Dans son esprit, sa solution aide à régler les problèmes de transport de sédiments observés au parc de la rivière Grand-Mère, qui ont défiguré l'îlot au fil des années. Il s'est adjoint l'expertise d'une agronome pour s'assurer que tout serait réalisé selon les règles de l'art.

«J'ai fait les travaux parce qu'il y avait urgence», prétend M. Gélinas. «Il y avait trop d'érosion et le sable s'en allait dans la rivière Grand-Mère et descendait jusqu'au parc. Quand ils parlent de restaurer ce parc, je me suis dit que c'était le genre de travaux qu'il fallait faire.»

Dans le contexte actuel, cet argument n'a pas manqué d'attirer l'attention des deux conseillères du secteur Grand-Mère, Lucie DeBons et Nancy Déziel. Cette dernière s'est même rendue sur les lieux en octobre pour prendre connaissance des travaux réalisés, une démarche que personne d'autre ne s'était donné la peine de faire à l'hôtel de ville, déplore M. Gélinas.

Permis ou amende?

Le directeur général de la Ville, Gaétan Béchard, ne nie pas que ces travaux puissent contribuer à l'amélioration de la situation. Par contre, selon lui, ils ne respectent pas le cadre réglementaire municipal, ni celui du ministère du Développement durable, de l'Environnement et de la Lutte contre les changements climatiques. 

Sur cette base, la Ville a donc refusé d'émettre le permis pour autoriser des travaux qui ont tout de même été réalisés. «Au Québec, on n'a plus le droit de canaliser des cours d'eau», explique M. Béchard. «C'est sûr qu'à partir du moment où vous canalisez un ruisseau qui ne touche plus au sable, c'est clair qu'il n'y a plus de transport de sable. Mais il y a des façons de faire autres que la canalisation pour arriver au même résultat.»

«De plus, les travaux réalisés par M. Gélinas (enrochement et avaloir) ne sont pas permis en terre agricole», ajoute M. Béchard. «Nous sommes en contact avec lui pour éclaircir la situation et voir la suite des choses.»

Le directeur général confirme que «légalement», la Ville ne peut émettre de permis dans ces circonstances. Mais il hésite à sortir le bâton.

«On arrive à un endroit où on ne voulait pas nécessairement aller», laisse-t-il tomber. «Nous allons discuter des solutions. Il y a plusieurs possibilités: nous pouvons demander une remise en état, il peut y avoir des constats d'infraction, il peut faire des travaux correctifs.

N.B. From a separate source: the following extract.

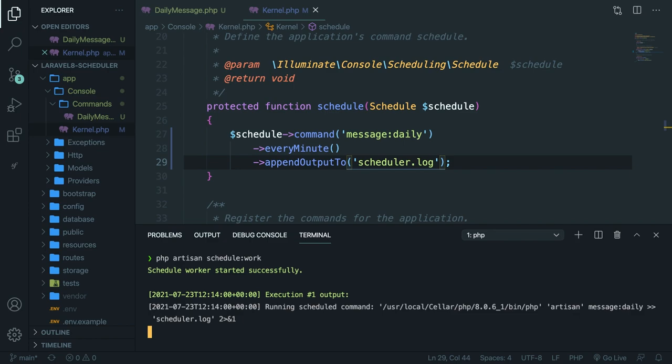Instead of using the appendOutputTo, we could also use the sendOutput methods as well. What this will do is only print the echo out once. And the appendOutput will print it out every single time the scheduler is being called.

Avant de déterminer quelle solution sera retenue, on va regarder tout ça, notamment au plan légal.»

M. Gélinas sourit au sujet des conséquences possibles. «La Ville sait-elle dans quel état c'était avant?», questionne-t-il. «Plutôt que m'envoyer une amende, on devrait m'envoyer une médaille!»

Le comité veut rencontrer la ministre régionale

Il n'a pas fallu beaucoup de temps pour qu'un comité soit formé afin d'assurer un suivi pour la restauration de l'îlot du parc de la Rivière-Grand-Mère.

L'ex-ministre et député péquiste Jean-Pierre Jolivet a été désigné porte-parole du groupe et à court terme, il tente d'obtenir une rencontre avec le maire de Shawinigan, Michel Angers et la ministre responsable de la Mauricie et députée de Laviolette, Julie Boulet.

Aucune date n'a encore été arrêtée pour le moment. Par contre, M. Jolivet sent une ouverture.

«Le maire prépare un document qu'il nous présentera en novembre», explique-t-il.

«Nous avons demandé que ça se fasse un lundi ou un vendredi soir, afin que Mme Boulet puisse être présente. Par la suite, nous préparerons une proposition pour demander au ministère de l'Environnement de regarder différemment le cas. Revenons en arrière, regardons ça d'une autre façon, essayons de faire des choses qui nous permettraient de protéger l'étang. Il faut trouver une façon d'agir qui ne coûtera pas les yeux de la tête et qui permettrait de remettre tout ça en beauté.»

Lors de l'assemblée publique du 11 octobre, de nombreux citoyens s'étaient déplacés à l'hôtel de ville pour sensibiliser le conseil municipal à l'importance de poser des gestes pour redorer le blason du parc.

Le maire avait mentionné que l'évaluation des actions demandées par le ministère du Développement durable, de l'Environnement et de la Lutte contre les changements climatiques exigerait des investissements d'au moins 800 000 $.

Le comité est complété par Alain Lirette et Louis Tremblay, deux citoyens qui ont participé à la mobilisation, l'été dernier. Rappelons que dans ce cadre, 3500 citoyens ont signé une pétition qui exige une intervention au parc de la Rivière-Grand-Mère.